- According to a middle-aged lady, “We are quite upset that our 12-year-old son Sonu, has begun to neglect his studies. He is preoccupied with his own self.” On the contrary, she said, the 10-year-old daughter, who had a reputation for being slack at school, has developed a renewed interest in scholastic work.
- A 10-year-old convent-going boy, who is perhaps one of the very few boys in his class, is distressed that most of the girls in the class have recently grown much taller than him. “Man, some of them really look matured and dignified,” he says. “I am yet to mature like that.” He wonders if “I am an underdeveloped pig.”

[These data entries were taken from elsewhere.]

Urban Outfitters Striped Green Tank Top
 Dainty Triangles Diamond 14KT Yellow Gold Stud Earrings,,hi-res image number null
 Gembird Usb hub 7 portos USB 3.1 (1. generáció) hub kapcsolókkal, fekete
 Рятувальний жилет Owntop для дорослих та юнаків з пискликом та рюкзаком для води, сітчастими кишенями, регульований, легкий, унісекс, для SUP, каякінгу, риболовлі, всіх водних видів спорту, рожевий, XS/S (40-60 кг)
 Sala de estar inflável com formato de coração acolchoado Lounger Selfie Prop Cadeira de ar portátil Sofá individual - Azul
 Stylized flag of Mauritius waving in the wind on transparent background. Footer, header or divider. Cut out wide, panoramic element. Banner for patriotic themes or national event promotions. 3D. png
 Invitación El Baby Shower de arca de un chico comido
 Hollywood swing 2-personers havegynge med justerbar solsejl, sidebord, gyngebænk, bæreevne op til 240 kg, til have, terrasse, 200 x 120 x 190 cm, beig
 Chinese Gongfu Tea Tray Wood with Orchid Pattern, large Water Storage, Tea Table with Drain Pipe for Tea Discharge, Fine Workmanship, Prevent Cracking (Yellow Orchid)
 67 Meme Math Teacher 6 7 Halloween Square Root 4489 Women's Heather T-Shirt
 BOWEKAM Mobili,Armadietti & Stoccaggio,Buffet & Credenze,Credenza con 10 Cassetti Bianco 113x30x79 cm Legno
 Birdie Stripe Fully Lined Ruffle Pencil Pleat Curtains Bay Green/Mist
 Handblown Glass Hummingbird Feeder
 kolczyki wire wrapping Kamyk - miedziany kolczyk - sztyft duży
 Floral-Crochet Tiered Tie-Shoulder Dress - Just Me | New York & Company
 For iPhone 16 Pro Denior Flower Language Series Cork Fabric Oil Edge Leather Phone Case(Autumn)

- The parents of a 15-year-old tell me, “He has lost direction. He picks up fights with us over trifles. He is beginning to revolt.” He retaliates in still stronger words. To quote him, “What revolt? I am no longer a child. I too need freedom. What is there if I court a girlfriend? I demand my rights and dignities. How long will my dad and mummy deny me all that?” A girl who had not been warned about “menstruation” wrote this note to a confidante the day she had her first period: “I am terribly scared. I do not know what wrong I have done to deserve this fate. I cannot even talk to my parents about it. What’ll they think?”
These instances have been specially picked to focus attention on some of the highlights of the stormy period of transition, the so-called adolescence. As has been rightly put, “Adolescence is much more than one rung up the ladder from childhood. It is a built-in, necessary transition period for ego development. It is a leave-taking of the dependencies of childhood and precocious reach for adulthood. An adolescent is a traveller who has left one place and has not reached the next. It is an intermission between earlier freedoms and subsequent responsibilities and commitments, a last hesitation before serious commitments concerning work and love.”